- Theatrical poster
- Directed by: Georgia Wyss
- Produced by: Ray McCormack Georgia Wyss
- Edited by: Georgia Wyss
- Music by: Deva Premal & Miten with Manose Krishna Das Snatam Kaur Jai Uttal MC Yogi Dave Stringer Lama Gyurme & Jean-Philippe Rykiel C.C. White Mirabai Ceiba Gaura Vani Nina Rao Charlie Braun
- Distributed by: Gathr Films AlpenRepublik GmbH Demand Film
- Release date: June 2, 2017 (Illuminate);
- Running time: 85 minutes
- Country: Spain
- Language: English

= Mantra - Sounds into Silence =

Mantra - Sounds into Silence is a film exploring the musical and social phenomenon of chant and response meditation directed by Georgia Wyss.

==Overview==
This film was produced from an original idea by its director Georgia Wyss, the editor of the award-winning Peak oil awareness film A Crude Awakening: The Oil Crash. In 2004, she began to develop her ideas on how to make a film recognising the importance of the practice of chanting mantras as a means of healing, a practice which she felt could benefit the lives of many.
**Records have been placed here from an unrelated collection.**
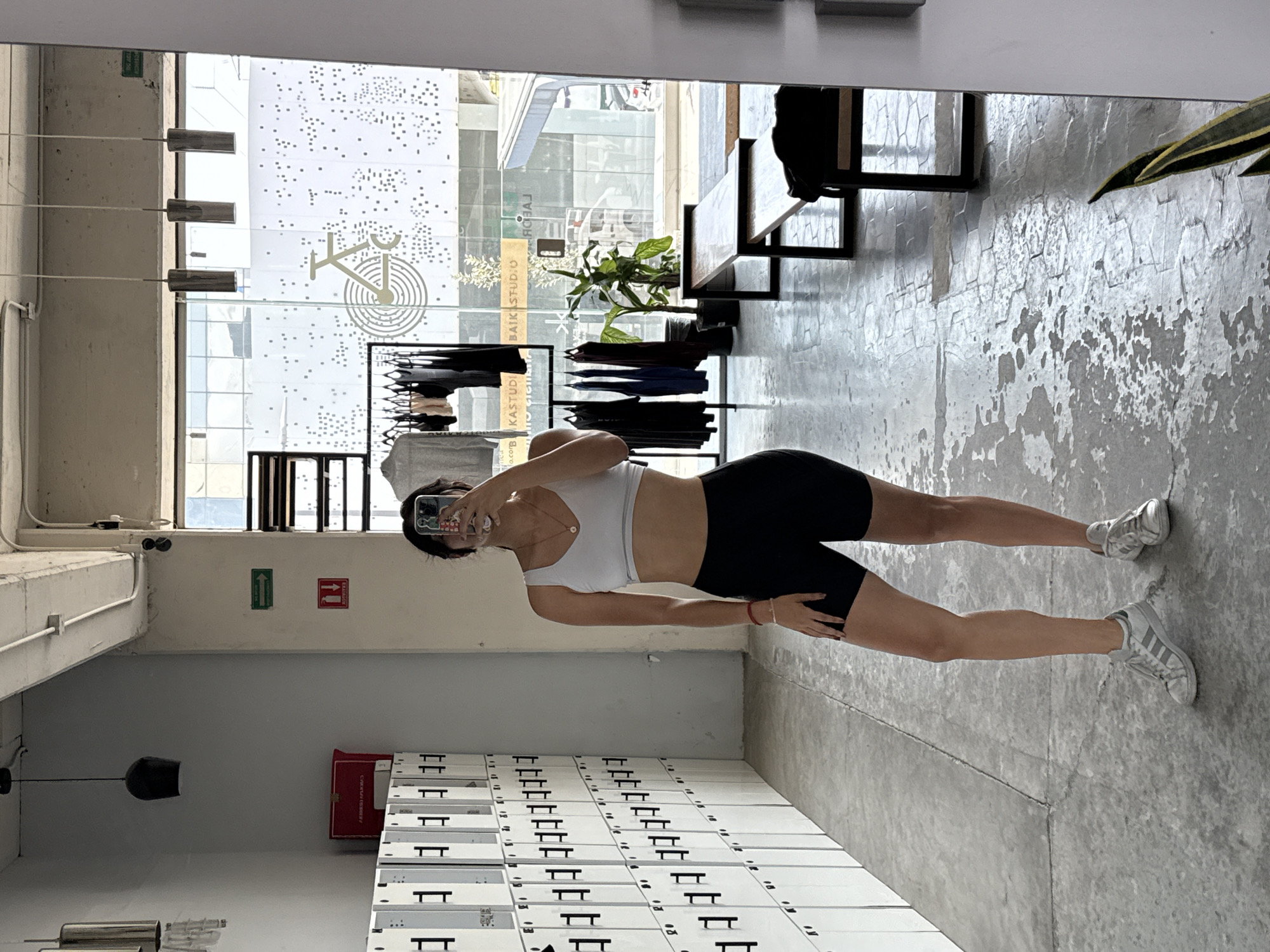 A woman stands in a mirrored gym space, holding up her phone to take a picture of herself. She's wearing a white sports bra and black shorts. The gym features a row of white lockers against one wall. Behind her, through a large window, is a street scene with the words "BAIKSTUDIO" visible on a sign, indicating a location in Puebla, Mexico. The gym itself contains exercise equipment and furniture.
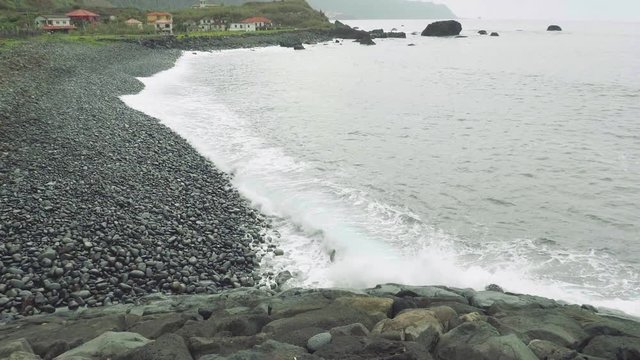 Up view of waves of ocean from cliffy shore of the north of Madeira
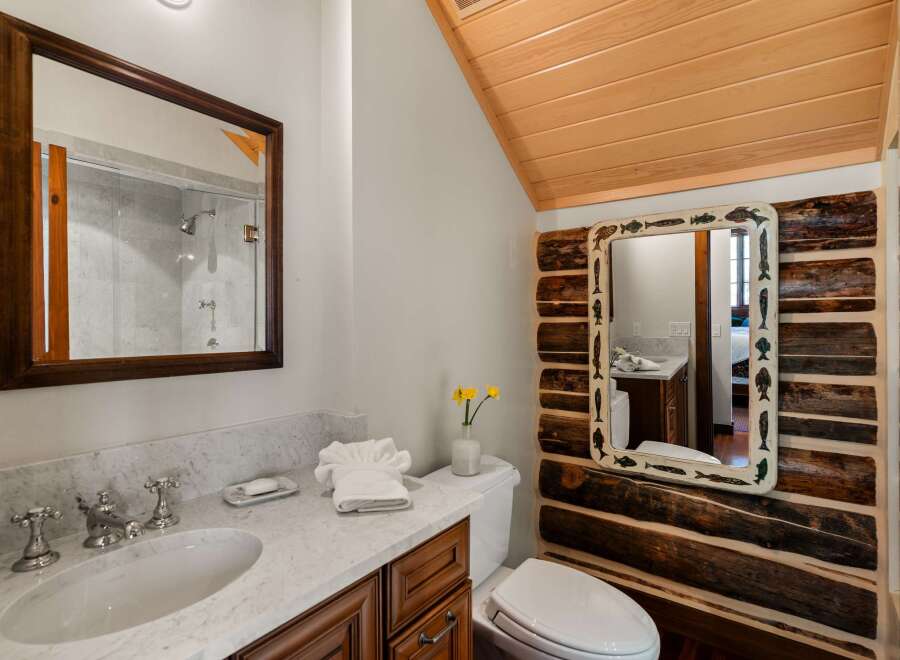 Step into a rustic bathroom retreat, featuring a unique log-cabin style accent wall and a charming fish-themed mirror.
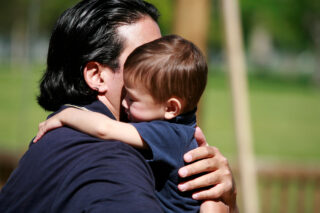 photo - Father Hugging Son
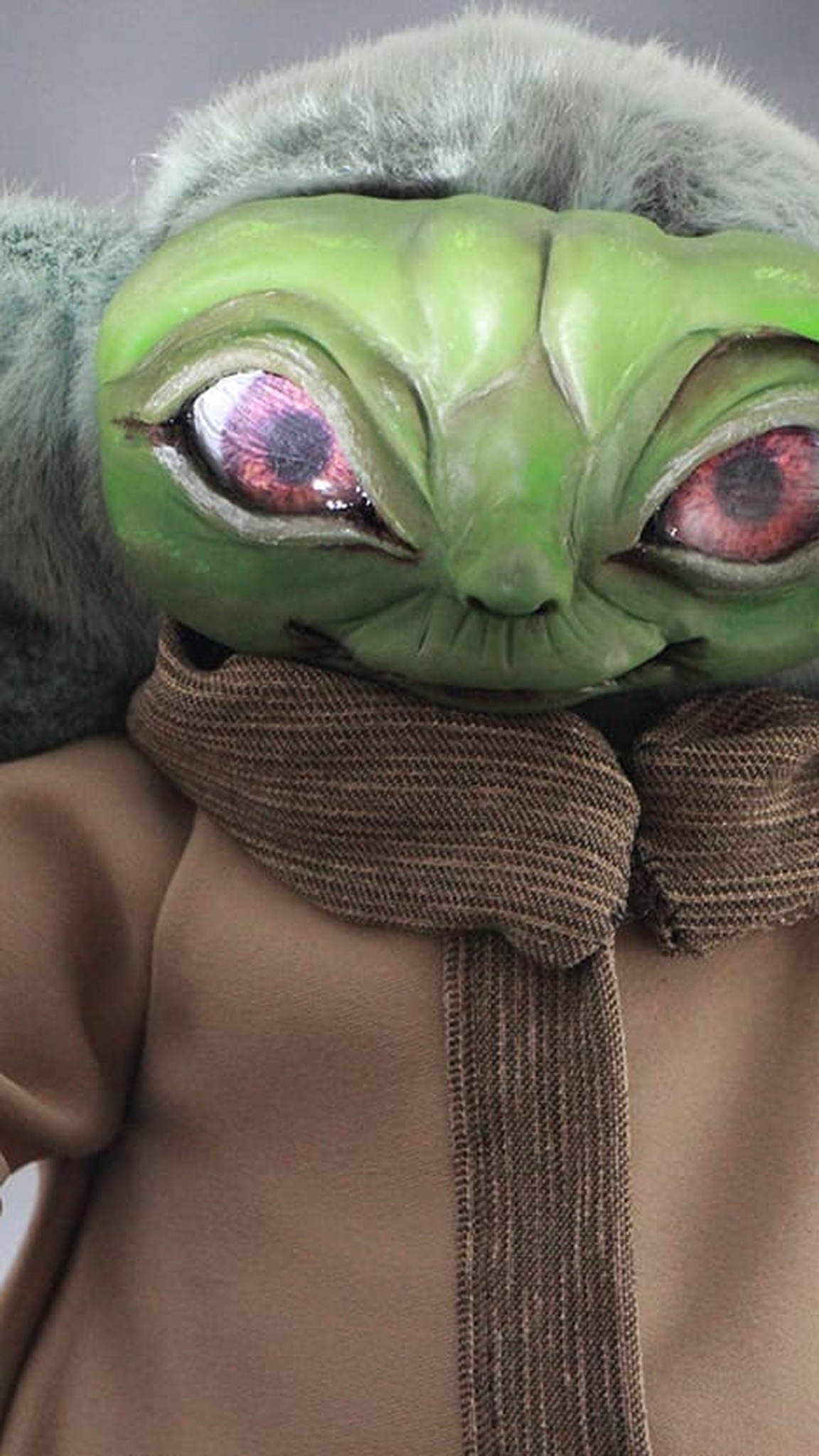 Baby Yoda doll face with big handmade eyes and a clay face painted green, a custom Grogu doll made to order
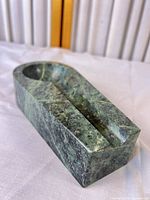 Oblique view showing overall shape and finish of marble ashtray
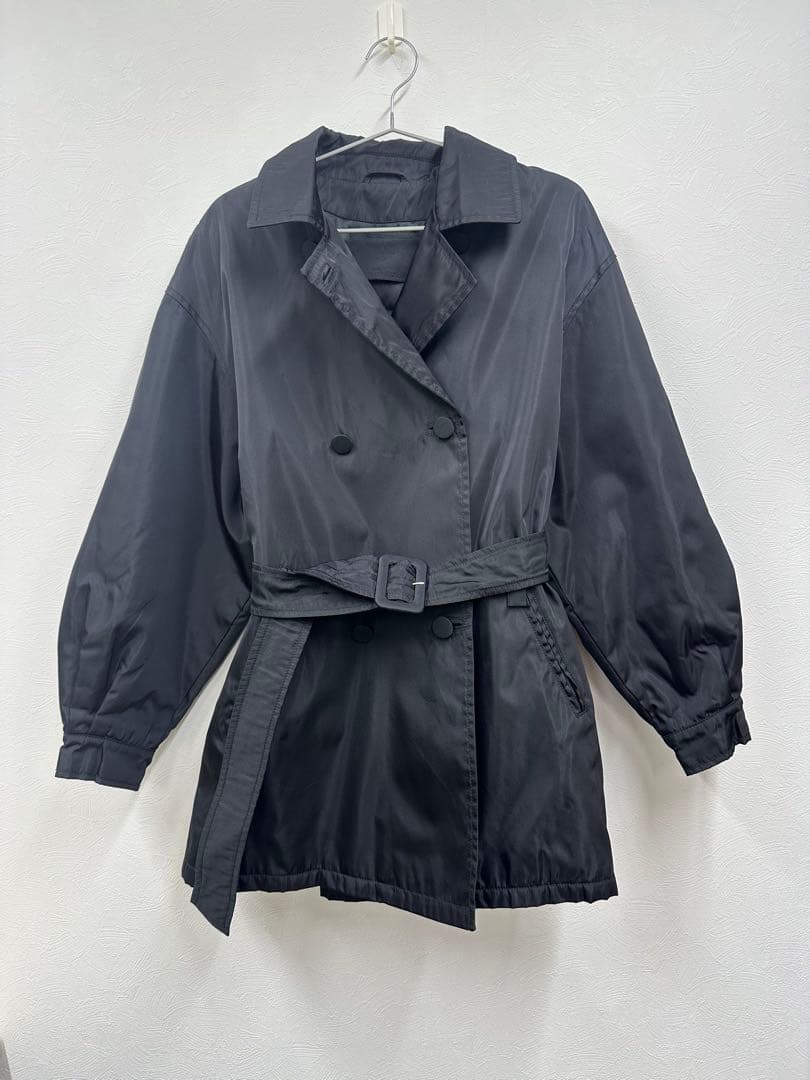 Black Prada double-breasted women's acetate jacket with belt hanging on a hanger against a white wall.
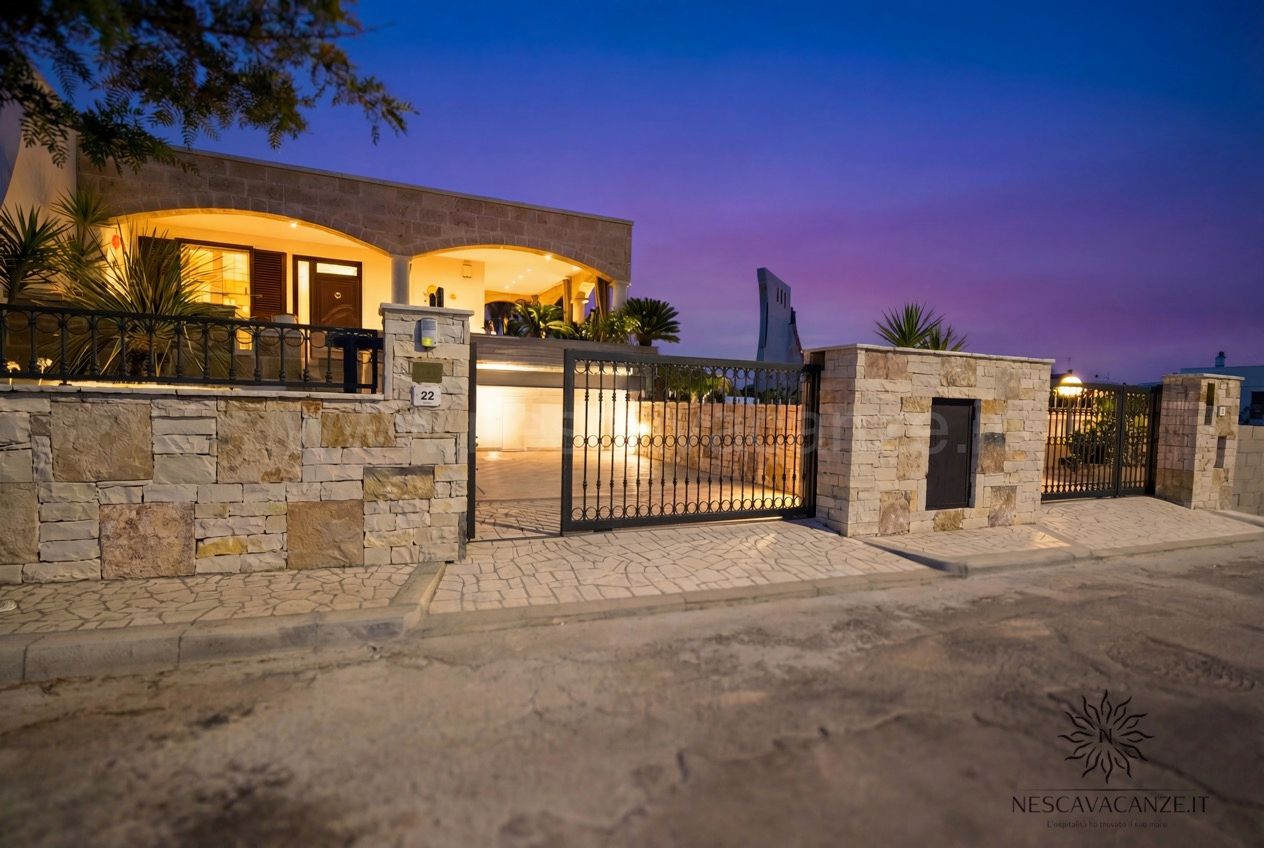 Casa Pescoluse 1 - facciata esterna al tramonto con villa illuminata e cancello in ferro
It features interviews and music by Deva Premal & Miten with Manose, Krishna Das, Snatam Kaur, Lama Gyurme & Jean-Philippe Rykiel, Jai Uttal, MC Yogi, C.C. White, Mirabai Ceiba, Gaura Vani, Nina Rao and Charlie Braun.

==Interviews==
The film includes interviews with Stephan Rechtschaffen, co-founder of the Omega Institute for Holistic Studies; Andrew B. Newberg, Director of Research at the Marcus Institute of Integrative Health and author of How Enlightenment Changes Your Brain; Sharon Gannon, co-founder of Jivamukti Yoga School; and the Susan Shannon, an interfaith minister with The Chaplaincy Institute's Interfaith Community.

==Festival Awards==
Winner Director's Choice after screening at the Illuminate Film Festival 2017.

Winner Documentary Feature World Cinema after screening at the Maui Film Festival 2017.